Burnetta Hintertheur, a plant biology professor at Northwest Arkansas Community College, brought Taymour to Eureka Springs for the Sunday presentation. She said it was the most disturbing and moving talk she has heard anywhere.

“I think it just hit me because it is impossible to understand how human beings can be so cruel to each other, so greedy, so selfish and uncaring as the regime in Syria,” Hintertheur said. “Yet, we know that our U.S. bombs hit families and kill children. We don’t see these things and it is easy for them to just not be in our minds at all. But, as Taymour said, truth is often not pretty.”

Hintertheur said she hopes things improve for the people of Syria. “Taymour said that people can get water every two days,” she said. “It is regulated by the government. Electricity, I think, is available only about two hours a day.”

During the presentation one woman in the audience broke in and asked, “How did you escape?”

“I was released on March 4, 2011, on bail, with a court case pending against me,” Taymour replied. “A few days after I was released, I learned that security forces were looking for me again and that my name was on the government wanted lists at checkpoints and at the country’s borders. I felt threatened again. I became a risk for the activists in my circle and I was advised by many activists to leave the country in order to protect them, my family and myself.”
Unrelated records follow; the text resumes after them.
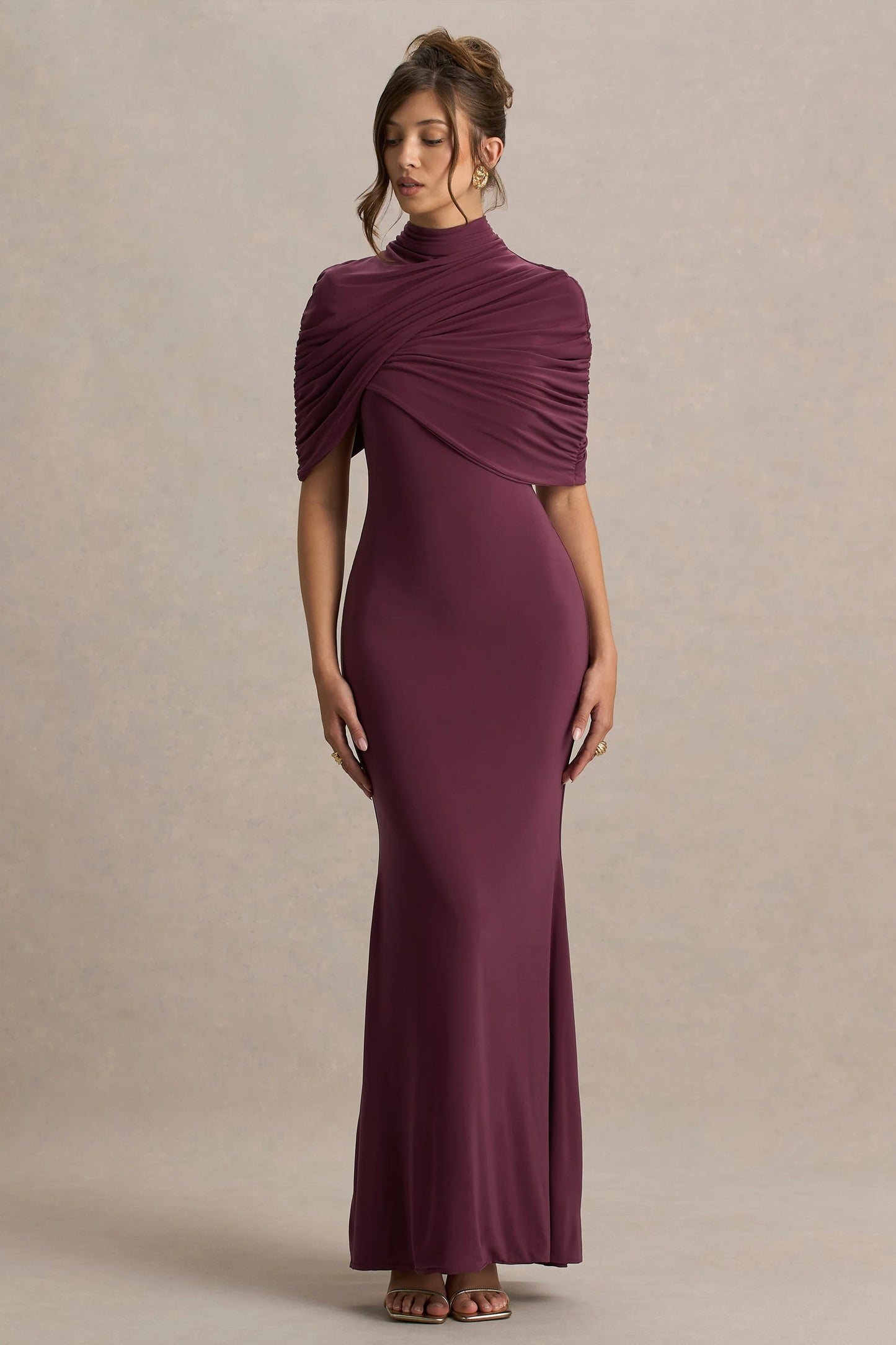 Cleora Burgundy Twist Cape Maxi Dress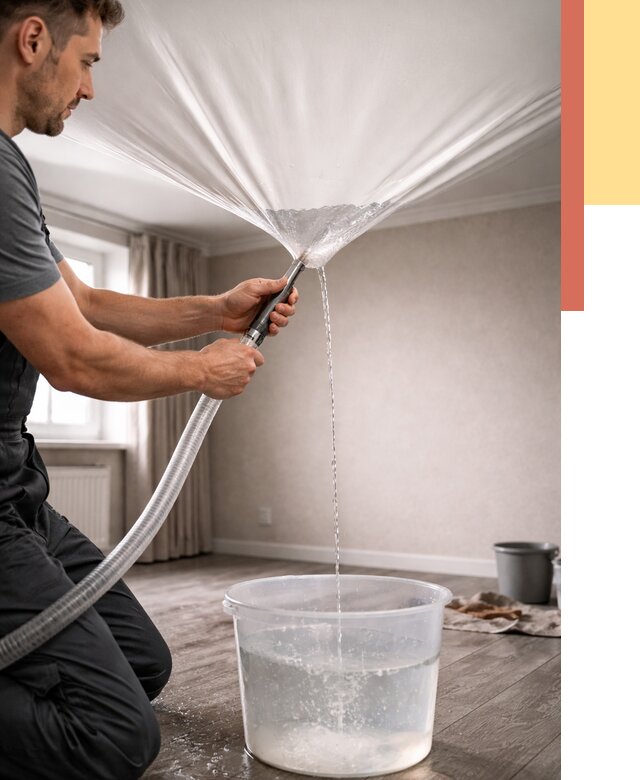 Слив воды с натяжного потолка в Кисловодске от 2674 руб. быстро и недорого | ОТДЕЛОЧНИК-Ксл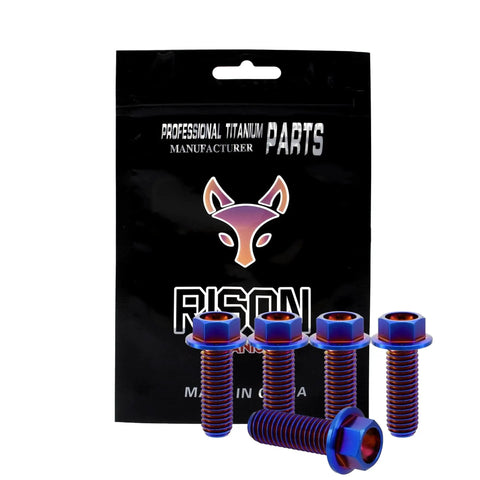 Burnt Blue Titanium Flanged Hex Head Bolt M8x1.25x20mm Pack Of 5 6AL4V Aerospace Grade Ti Rust Proof Fastener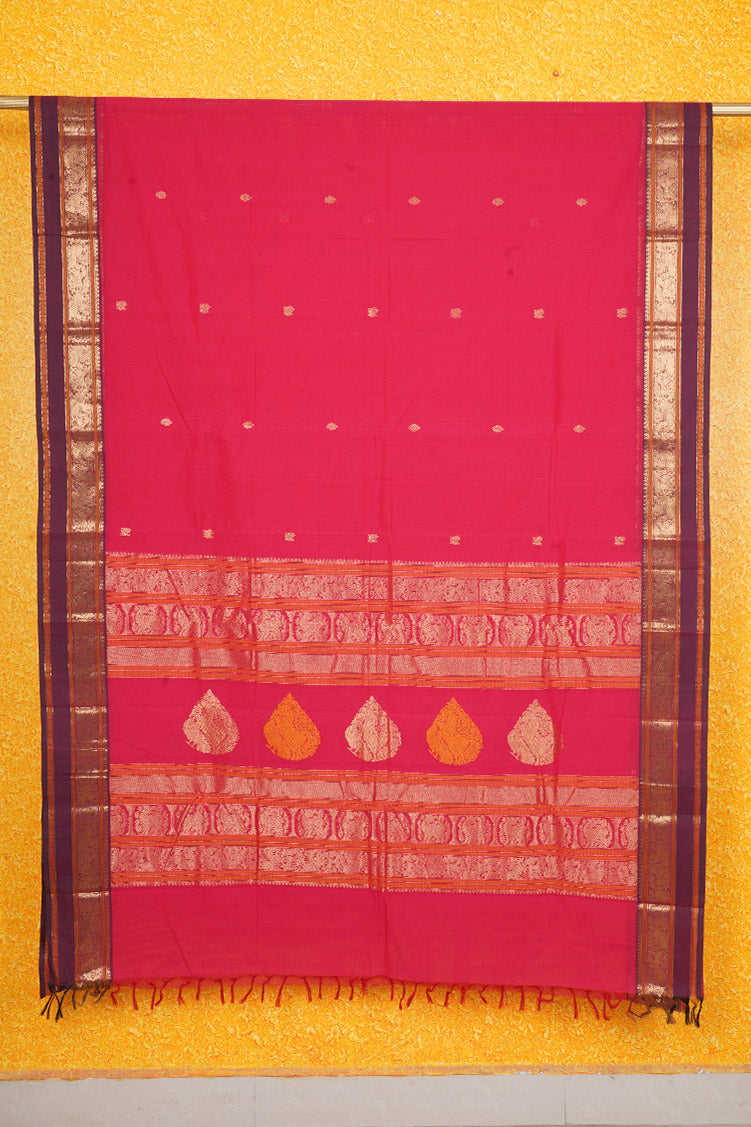 Pure Handloom Rani Pink Rich Cotton Saree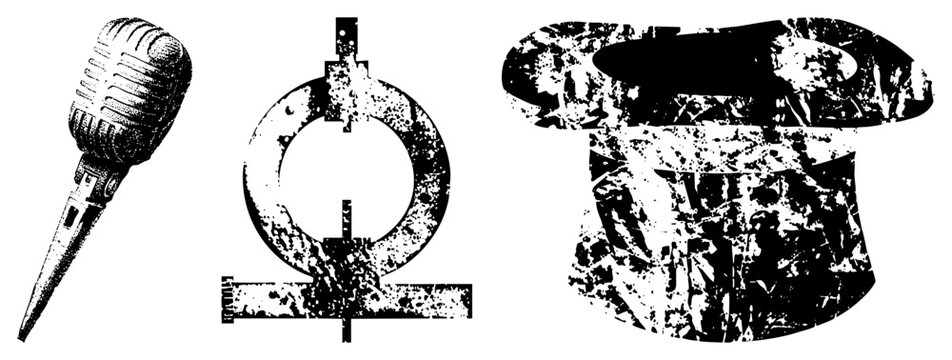 Retro microphone, omega sign, magician&rsquo;s top hat stylized black and white vector with distressed texture. Classic symbols for entertainment, science, and illusion.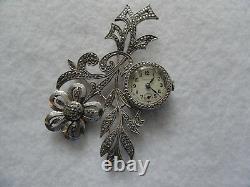 Vintage Swiss Made Frank's Sterling Silver Mechanical Wind Up Brooch Pin Watch
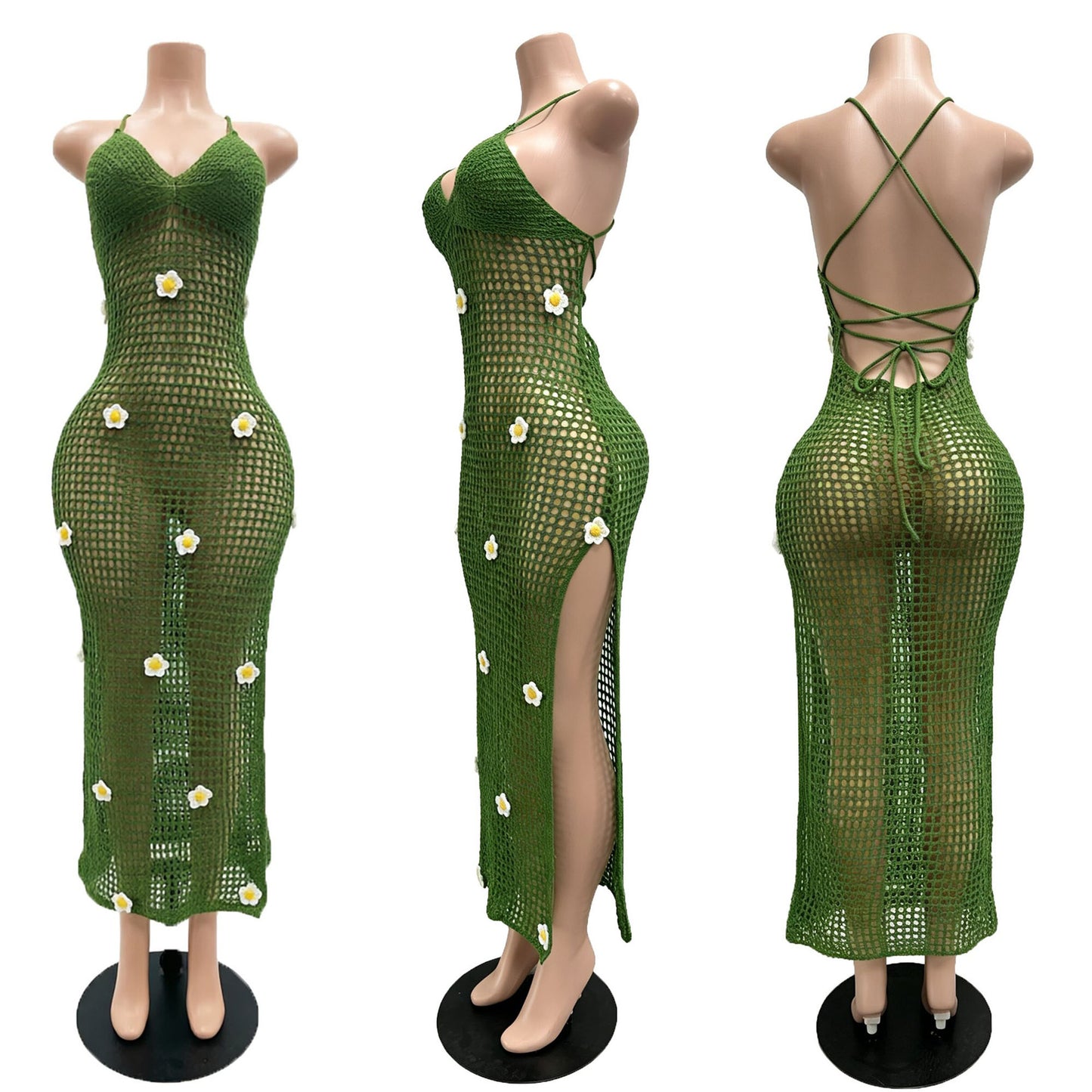 Knitted Hand Crochet Strap Crocheted Split Beach Dress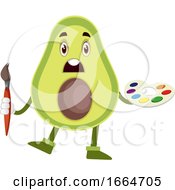 Poster, Art Print Of Avocado With Color Palette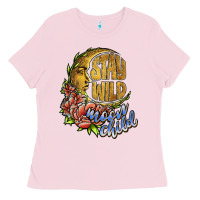 Bubblegum Pink stay wild moon child Ladies Tee - JahusDesignShop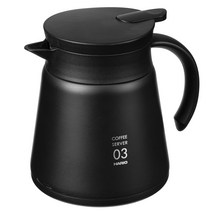 하리오 V60 보온 스테인레스 커피 서버 VHS-80B 800ml, 블랙, 1개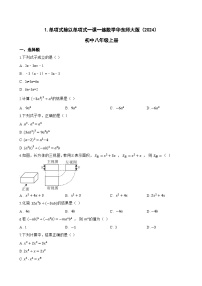 初中华东师大版（2024）1. 单项式除以单项式同步练习题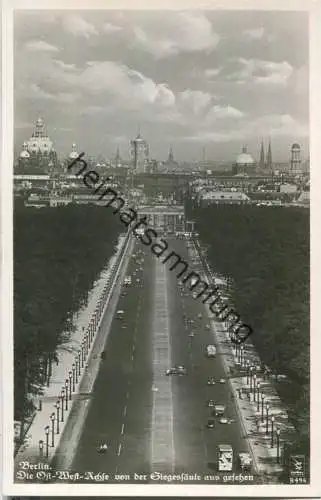 Berlin - Die Ost-West-Achse von der Siegessäule aus gesehen - Foto-Ansichtskarte - Verlag Klinke & Co. Berlin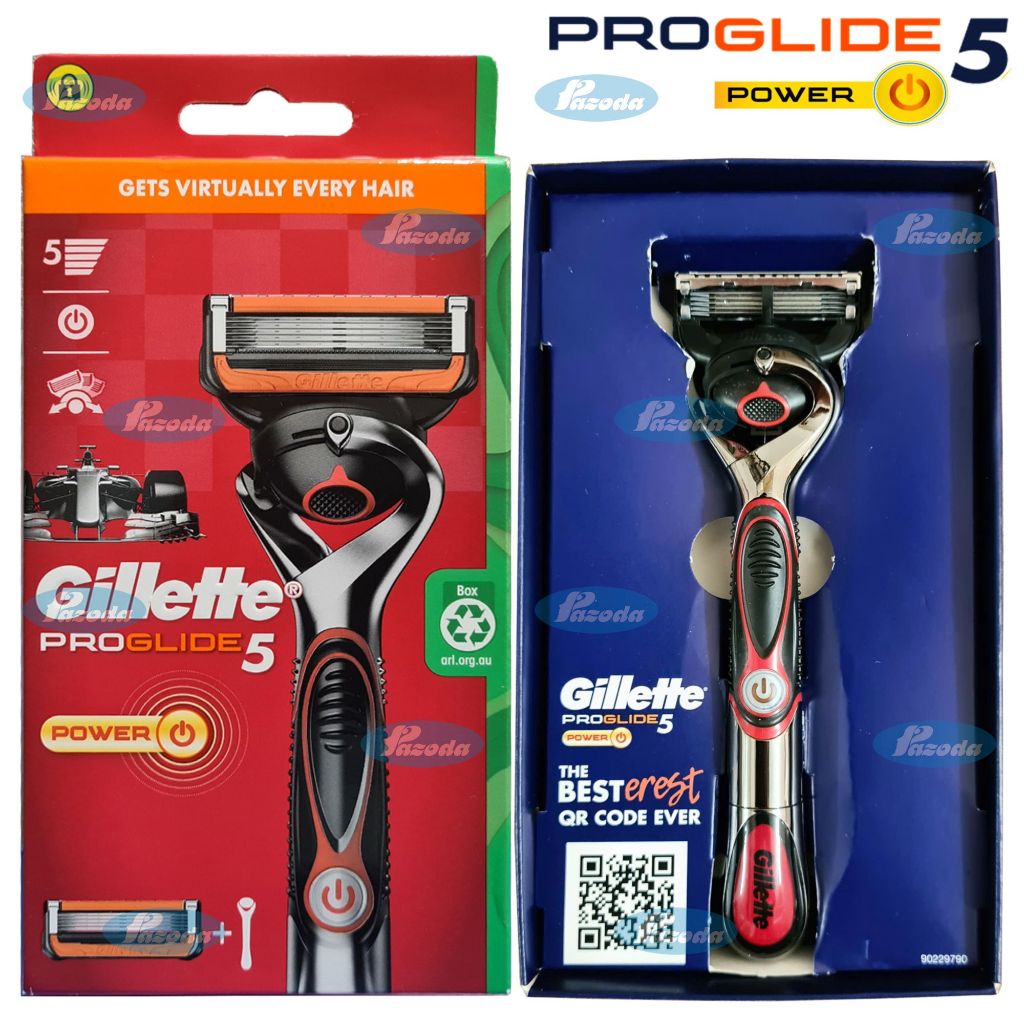 Dao cạo râu 5 lưỡi Gillette Proglide5 Power Red(1 tay cầm xoay chiều sử dụng pin và 1 đầu cạo 5+1)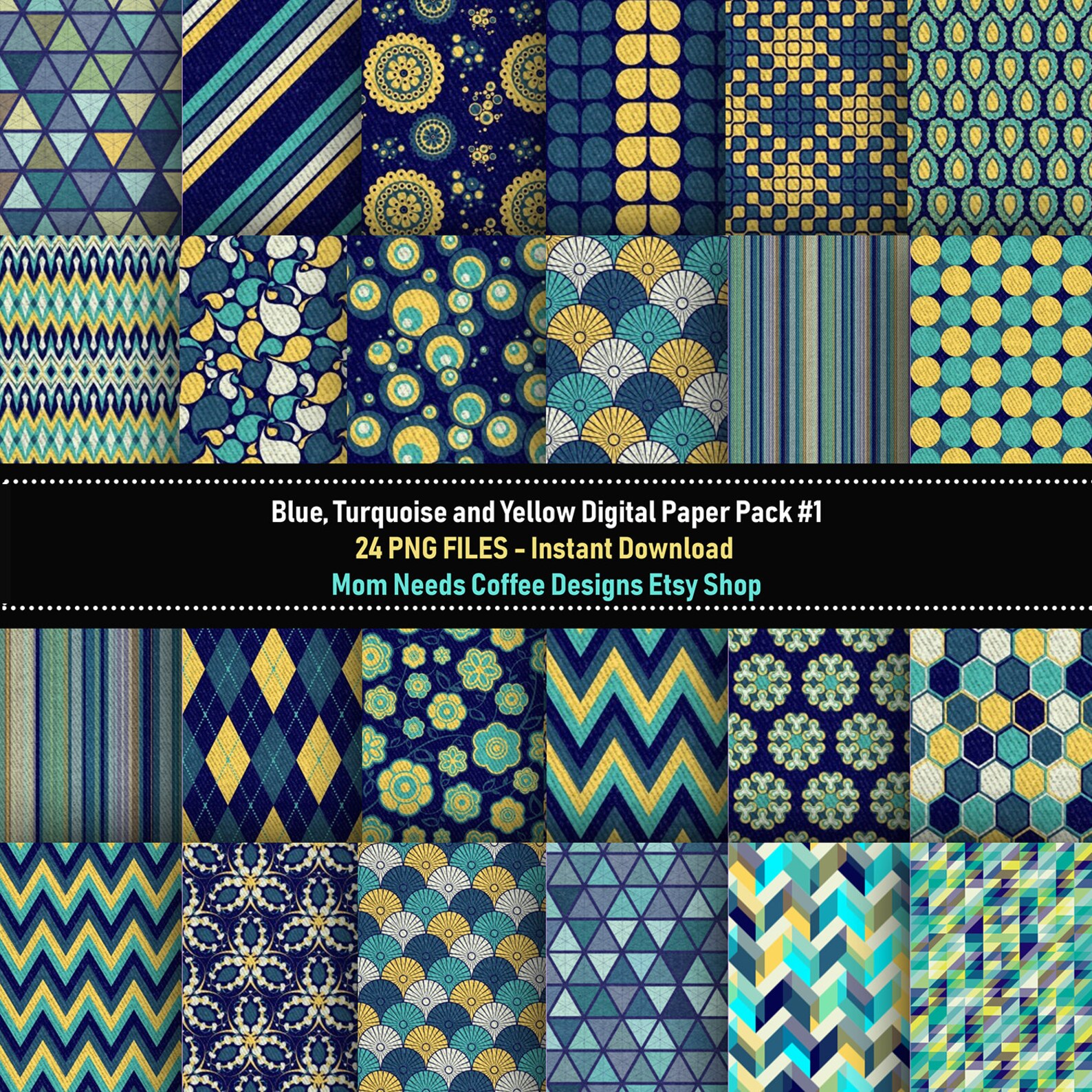 Blue and Yellow Digital Paper Blue and Yellow Digital Papers - Etsy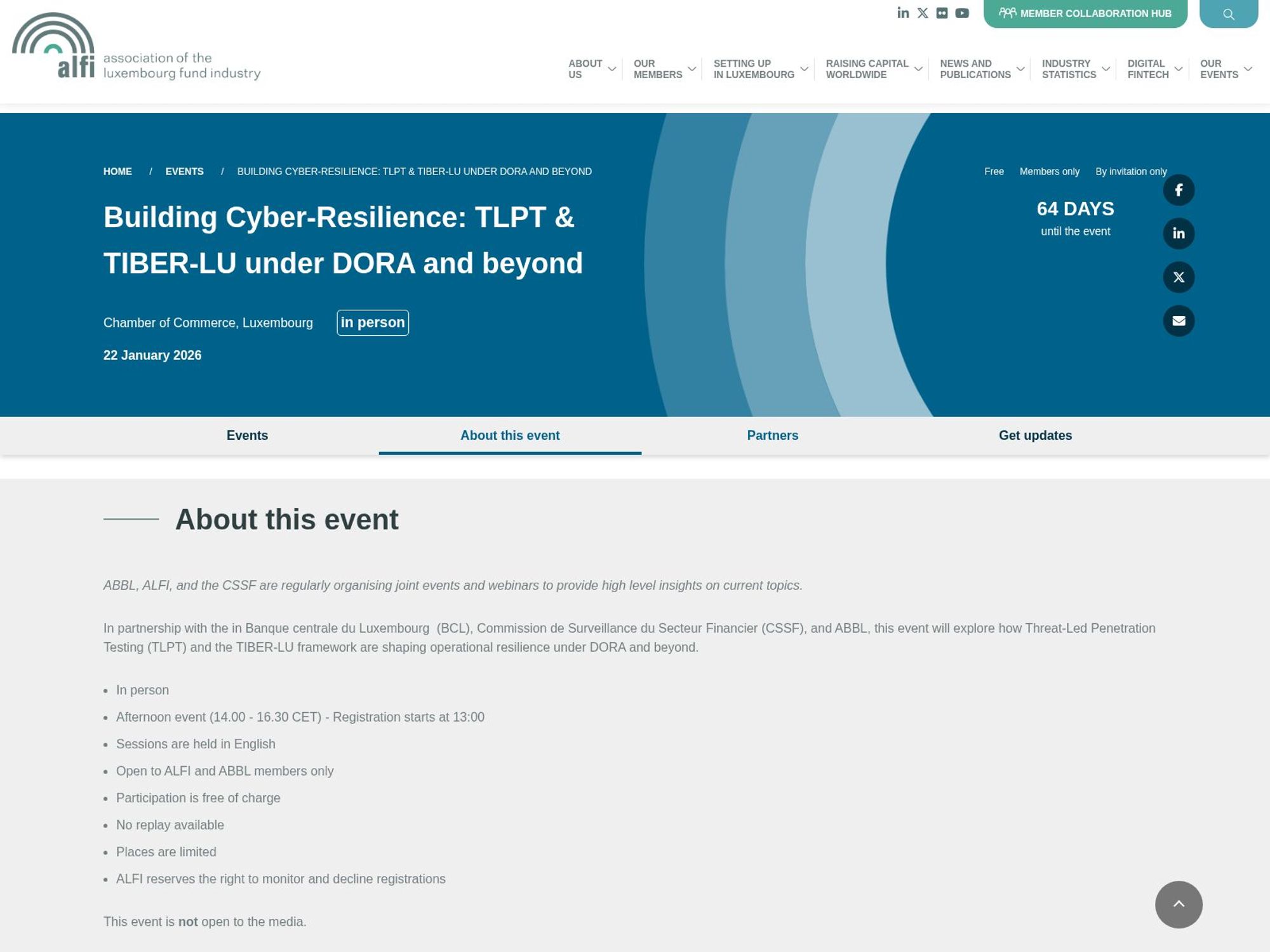 Building Cyber-Resilience: TLPT & TIBER-LU under DORA and beyond website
He was able to come to the United States where he and his family are being sponsored by Syrian-born University of Arkansas Fayetteville professors Dr. Mohja Kahf and her husband, Dr. Najib Ghadbian, who are both activists with the uprising.

Taymour’s wife gave birth to their first child, Denise Zehra Elkerim, in Fayetteville on March 5.

Kahf said it was very difficult for Taymour to tell his story; he was in a lot of pain.

“He is so anxious to return to help his fellow country men and women,” Kahf said. “Yet, now that he has a baby, he must just be in such a dilemma.”

Many people listening to the presentation wanted to know how to help, and may have been a bit surprised at the answer the town of Eureka Springs – known for being the metaphysical center of Arkansas — could readily identify with.

“Send them your love,” Taymour said. “The Syrian people need your love.”

“Taymour was wonderful,” said Dr. Jim Dudley, a member of the UUF. “It was heartfelt and emotional. He got a standing ovation. That doesn’t happen often! It was a story that needed telling.”

Taymour would also like people to know that not all protesters of the current Syrian regime approve of violence to accomplish goals. He and many others advocate non-violent opposition. For more information, he recommends following the English-edition page of the Syrian Nonviolence Movement on Facebook, www.facebook.com/SyrainNonviolence.

He closed saying he and many others also don’t want to see one dictatorship replaced by another.